Secrecy only reflects poorly on the Church

The method for selecting Dr Rowan Williams’ replacement is as archaic as it was in the time of Henry VIII. Why can't Anglicans be given the chance to vote?

Jerome Taylor
Monday 01 October 2012 15:09

He is, we are often told, the moral voice of the nation. A man (sadly it still has to be a man) who has the heady task of leading Britain’s Anglicans, speaking as the nation’s conscience and herding the 77 million cats that make up the Anglican Communion in the rest of the world, many of whom would rather stone a gay man than embrace him.

No easy task. So it must be important to make sure the candidates for the Archbishop of Canterbury are at the top of their game and picked in the most representative and transparent way possible, right? Wrong.

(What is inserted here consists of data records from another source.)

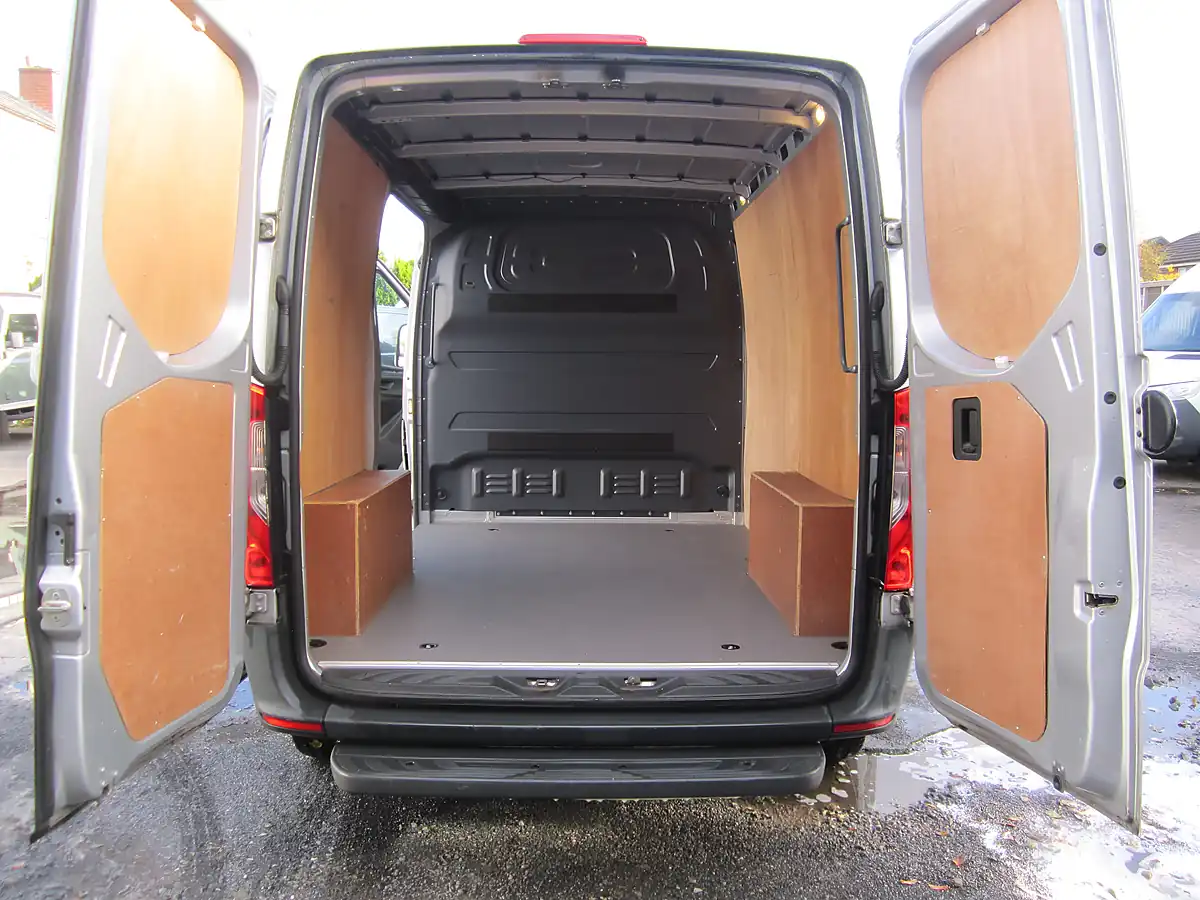 Used 2021 Mercedes-Benz Sprinter 314 Progressive Silver - Interior and Exterior details 10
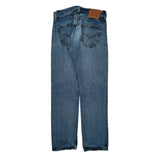501 Levis Jeans - 28W 30L Blue Cotton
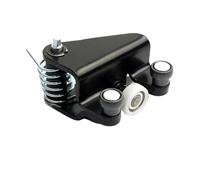 Guide porte coulissante Compatible Avec Trafic 2001-2014 Rouleau Latéral Central Droit Automatique Rouleau Porte Coulissante Rouleau Guidage Rouleau Porte Coulissante Voiture 7700312372 4409255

The method for choosing Dr Rowan Williams’ replacement is as arcane and archaic as it was in the time of Henry VIII. A secretive committee meets at a secretive location to discuss a never-made-public list. Two names are given to the Prime Minister who hands them over to the Queen. You can’t apply for the job and anyone who suggests too publicly that they want it, usually doesn’t get it.

The decision-makers themselves are overwhelmingly white, male and predominantly southern. Of the 16 people on the Crown Nominations Commission who get to vote, six are from the diocese of Canterbury alone; only three are women; and the man who is there to represent the rest of the world comes from Wales. If you want a metaphor for how disconnected the Church can be from the masses look no further. Rank and file Anglicans effectively have no say in who gets to lead them. So much for Vox Populi, Vox Dei.

But does any of this matter? Well, if the Archbishop of Canterbury really wants to represent the nation surely it would help if he had some sort of popular mandate?

At home, the Anglican church is bitterly divided over the issues of women bishops and gay clergy. Globally it is even more torn apart. In one corner you have liberal and progressive churches in America, Canada, New Zealand and beyond who have no problem with women and same-sex relationships.

In the other corner you have developing world churches in Africa and Asia – backed by social conservatives in the West – who are theologically opposed and threatening to leave. How to square that hole? You probably can’t and the next Archbishop of Canterbury – and if not him certainly his successor – will likely witness the break up of the global Anglican Communion during their time in office.

Which leaves the Church in Britain as the one thing they need to get right. Anglicanism does wonderful things and has many wonderful people in its ranks but there are times when it feels woefully disconnected from the rest of society. Church pews are emptying and the majority of Britain simply scratches its head in confusion as the bickering continues about women and sexuality.

No one’s going to sort out those thorny issues overnight but the Church could become more transparent and representative. Voting in its leader would be a good place to start.